4 Questions to Start Your Spring – The Answers Might Surprise You

February and March.  These can be “bad words” in our industry.  We generally celebrate when either one, or both, of these months are over.  Take this slower time to get ready for a strong spring and summer season.  When April/May hits, it’s probably too late to get started.

What would make this spring different than those in the past?

First, know where you are starting:

  1. How many maintenance plans do you have?
  2. What is your renewal rate?
  3. How many new maintenance clients do you enroll as a percentage of the non-maintenance customers you visit?
  4. How many replacement leads do you get from maintenance and non-maintenance customers?

Let’s answer each question:

  1. How many maintenance plans do you have?

The answer to this question might not be as easy as you think. If you said, “I’ll just look at my software,” you might not be getting the true story.
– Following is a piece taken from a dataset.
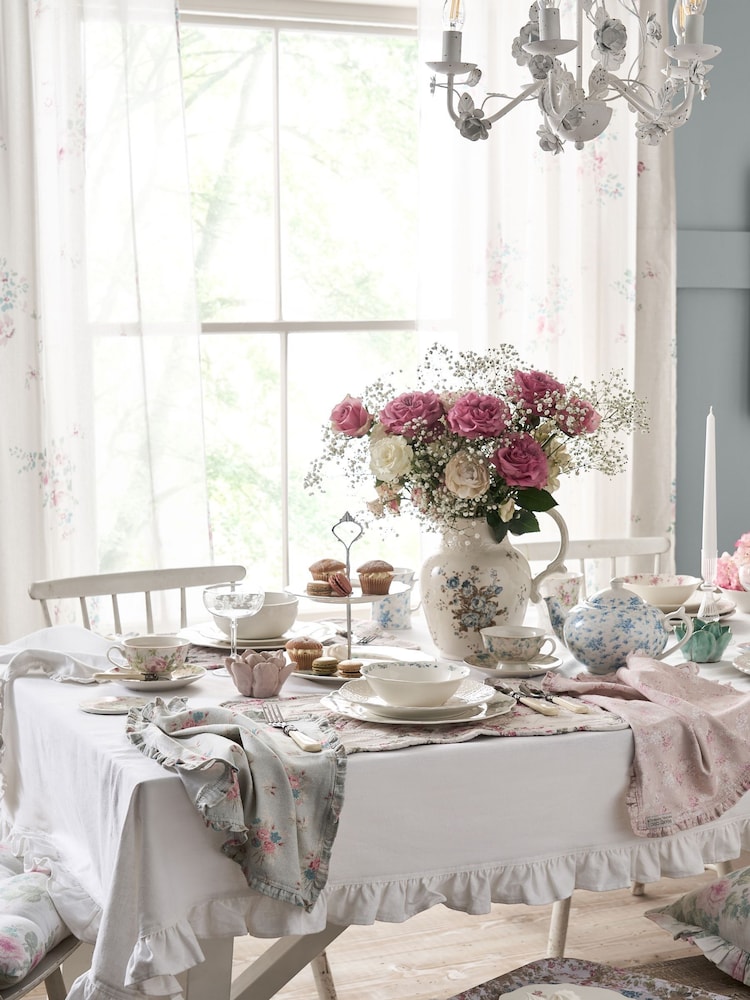 Shabby Chic by Rachel Ashwell® Pink Wood Veneer Tray Large with Anti Slip Finish - Image 2 of 2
I’ve seen so many systems where the maintenance plans have not been entered correctly so that you get accurate data out.  And, how do you know that the number of maintenance clients your software says you have is the right number?  How many are up for renewal?  How many have NOT been renewed?  And, what happened with those customers who were up for renewal last month and didn’t renew?  Did the software automatically drop them off the list?
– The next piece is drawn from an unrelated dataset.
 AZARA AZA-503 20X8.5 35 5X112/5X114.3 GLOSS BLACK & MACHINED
Getting the real answer might take auditing the software against the actual maintenance program enrollment forms.  It’s worth checking.
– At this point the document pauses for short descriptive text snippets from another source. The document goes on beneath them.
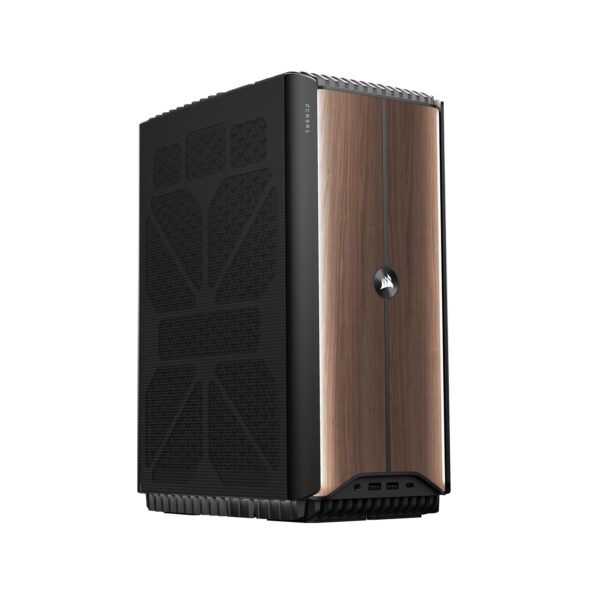 CORSAIR ONE i500 Gaming PC – Liquid Cooled Intel® Core™ i9 14900K CPU – Liquid-Cooled NVIDIA® GeForce RTX™ 4080 SUPER GPU – 32GB VENGEANCE DDR5 Memory – 2TB M.2 SSD – Dark Wood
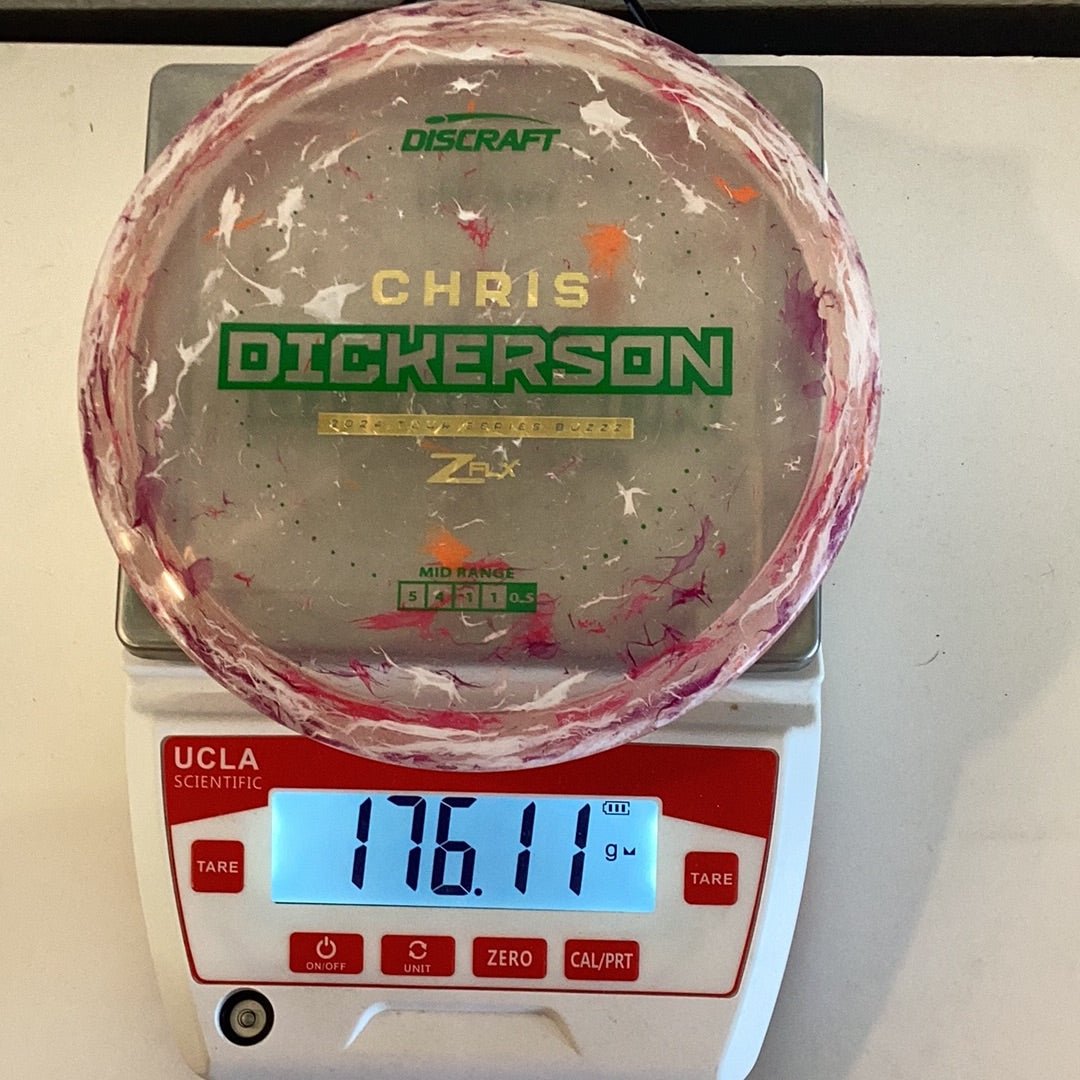 Discraft Jawbreaker Z FLX Buzzz Chris Dickerson 2024 Tour Series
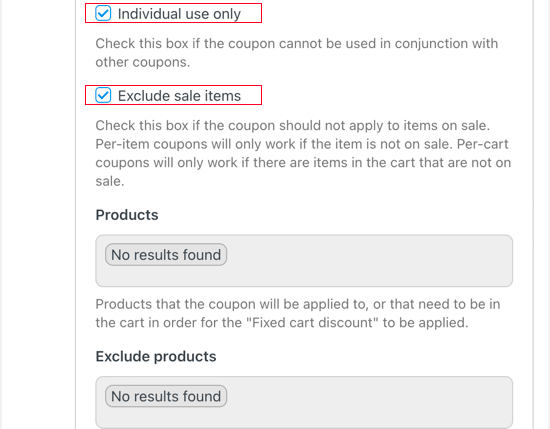 WooCommerce-Gutschein nur für den einmaligen Gebrauch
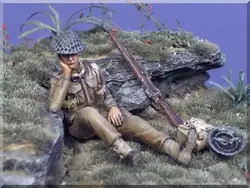 1/35 Scale Resin Figures Model Kit modeling British Infantry Rest Unassembled and Unpainted Diorama DIY Toys Miniature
  1. What is your renewal rate?

It makes absolutely no sense to enroll 100 new maintenance clients and lose 40 who don’t renew the next year.  You can be almost sure that this will happen if you enroll a customer because of a large repair bill and never talk to that customer during the year to subtly remind them the benefits of maintenance.

Your renewal rate should be 80% or higher.  A few of the contractors I work with have renewal rates over 90%.  The people who don’t renew are usually those who move or pass away.

If your renewal rate is less than 80%, the goal should be to get the renewal rate to at least 80% or higher in 2019.  Talk with your clients – through emails, through postcards, through newsletters, etc.  If you don’t want to do it yourself, check out our maintenance retention program. We’ve got a “made for you” program that you don’t have to think about.  It automatically communicates each month. Here is a timeline of the program:

Also, remember to put stickers on the indoor and outdoor units as well as on the breaker box.  You want your company name and phone number to be seen if there is a problem!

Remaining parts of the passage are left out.